Restaurant of the Week: Pondok Salero

CLOSED 2008

Pondok Salero, 2105 Foothill Blvd. (at D), La Verne.

I don’t usually list in this feature all the new places I visited in the past week, just my favorite. But as I’ve tried several new-to-me restaurants since last week’s entry, let me mention them all.

First there was Lily’s Tacos, on North Garey in Pomona, the little stand with the vinyl rain guard near M&I Surplus, where I had a superior al pastor burrito.
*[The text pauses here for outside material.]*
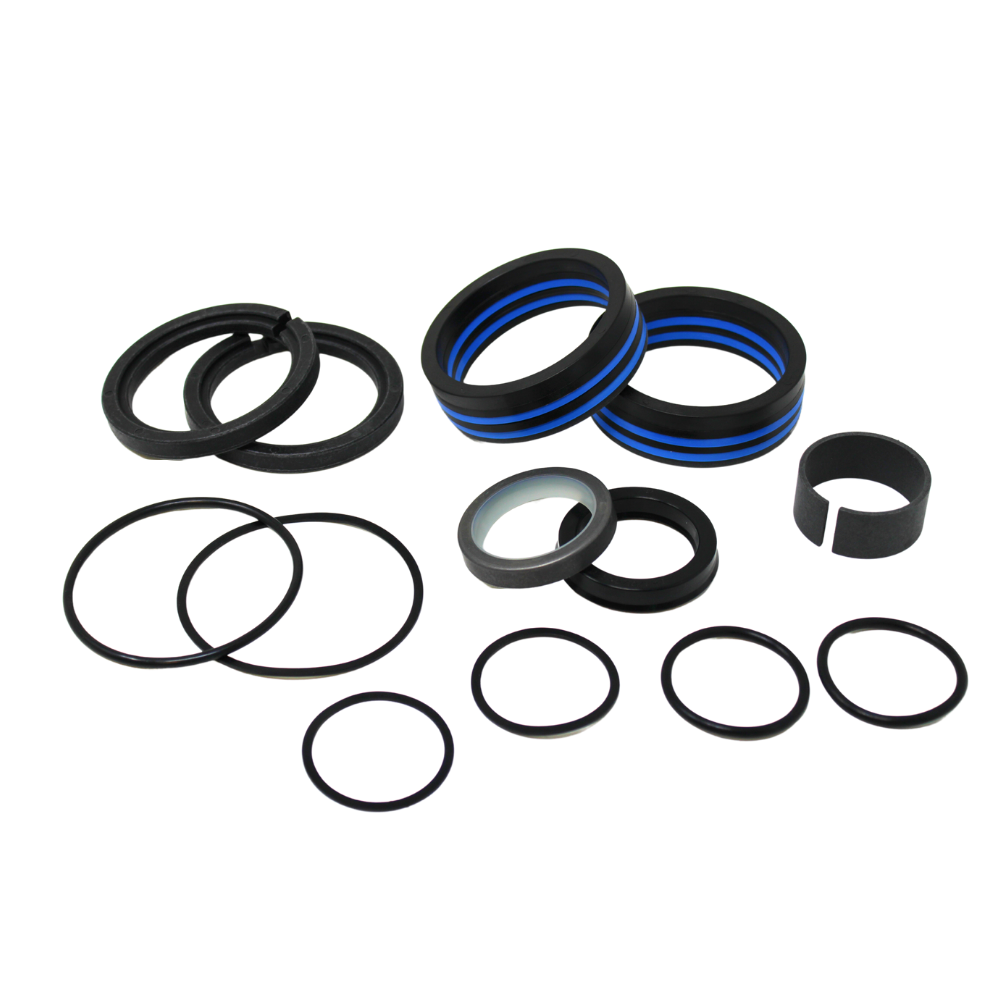 Seal Kit for JLG 1683609 - Hydraulic Cylinder - Lift — Aztec Hydraulics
Second came Bua Thai, a new Thai place in the Claremont Village Expansion, which had a line out the door but to my taste was only average. (“Thai food for people who don’t like Thai food,” one friend remarked.) Next came Sushi Shiro, in Upland, in the former Cafe Provencal space, where I had a decent sushi lunch and saw a rarity, a woman training as a sushi chef.

But I’ll tell you in detail about the place I had lunch Thursday: Pondok Salero in La Verne, perhaps the valley’s sole Indonesian restaurant.
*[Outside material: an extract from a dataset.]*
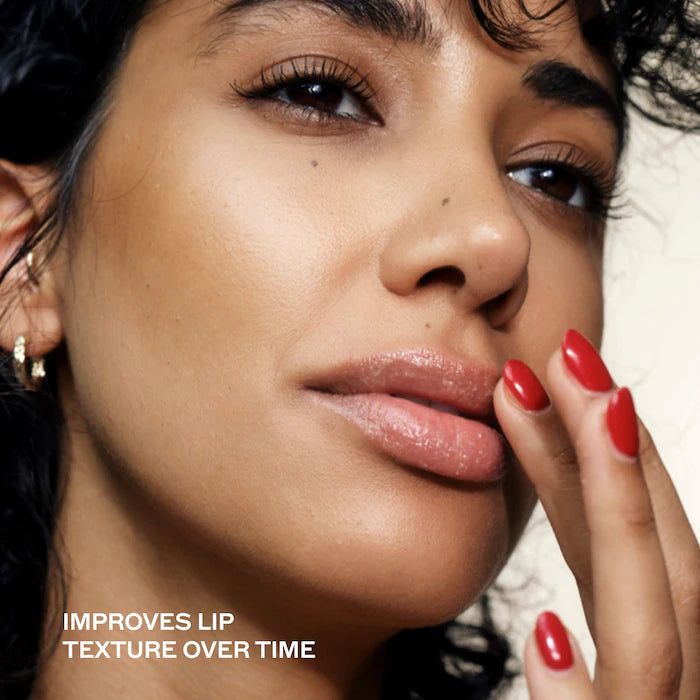 Reveal Exfoliating Lip Polish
Pondok is in a storefront on Foothill Boulevard, in the strip center with Shogun. It teeters on the brink between fast food and sit-down, being wider than it is deep and with a steam table at the counter, and yet with table service and an inviting gold-painted walls and tasteful art. (There doesn’t seem to be a buffet; the server dished up my food from the steam table.)

I’m a novice at this, so I got Paket Rames Ayam ($7.25), which is a piece of chicken simmered in coconut milk. It came with rice, a spicy egg (a hardboiled egg with red chili), cabbage with green beans and a small mound of chopped green chili. The menu also lists serundeng, but as I seem to have accounted for everything on my plate, I’m not sure what this is.
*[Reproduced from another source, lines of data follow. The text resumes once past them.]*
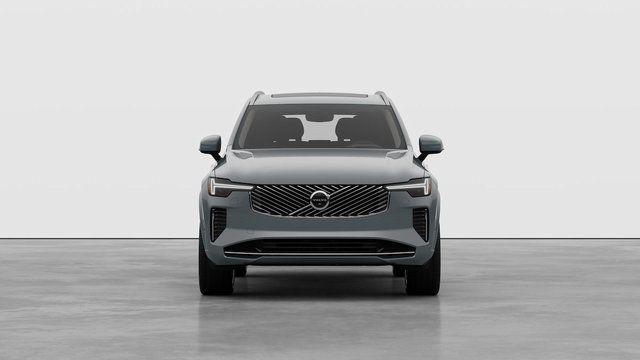 2026 Volvo XC90 B6 Ultra 7-Seater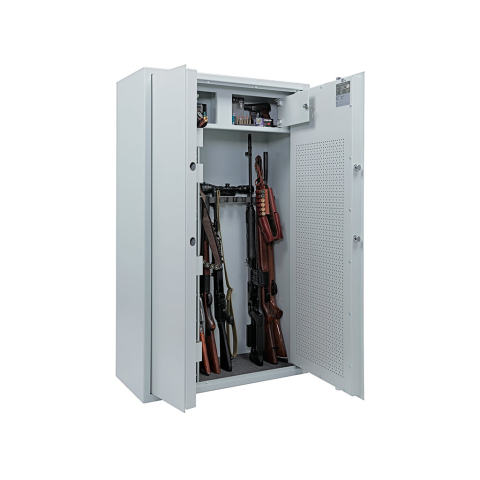 Relvakapp ARSENAL 1480T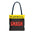 Smash Broadway Dream Broadway Play Tote Bag (AOP)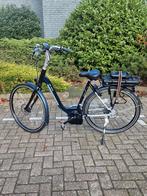Sparta B2 middenmotor Bosch, Ophalen, Sparta, Zo goed als nieuw, 51 tot 55 cm
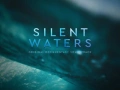 Soundtrack Silent Waters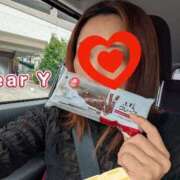 ヒメ日記 2026/04/19 15:33 投稿 和久井 りな HANA-okinawa-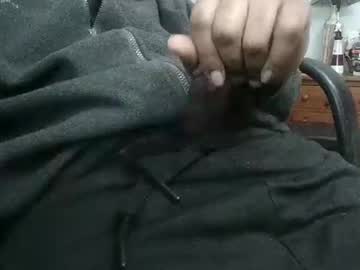 Blessyou777 December 26, 2024 Chaturbate stream image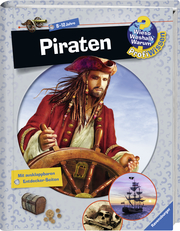 Piraten - Abbildung 1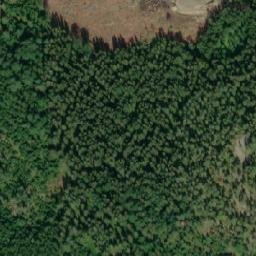 Satellite imagery of Mustaniemi, FI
The side dishes were too spicy for me, but then, I’m not good with spicy food. The chicken was tasty, and the rice and cucumber cooled my tongue from the rest. I wouldn’t be opposed to trying Pandok again. It may be catching on; although only one other table was filled at 1 p.m., a sign near the cash register proudly reads: “Now we open 7 days/week.”

After lunch I walked three storefronts up to O-Lime, one of the innumerable Pinkberry knockoffs, where I got a pomegranate frozen yogurt with strawberries and pineapple ($3.45). Very tasty.

Out of all these places, the one I’m likeliest to revisit is Lily’s Tacos. But I love that stolid La Verne has an Indonesian restaurant and a Korean frozen-yogurt place about 20 paces from each other.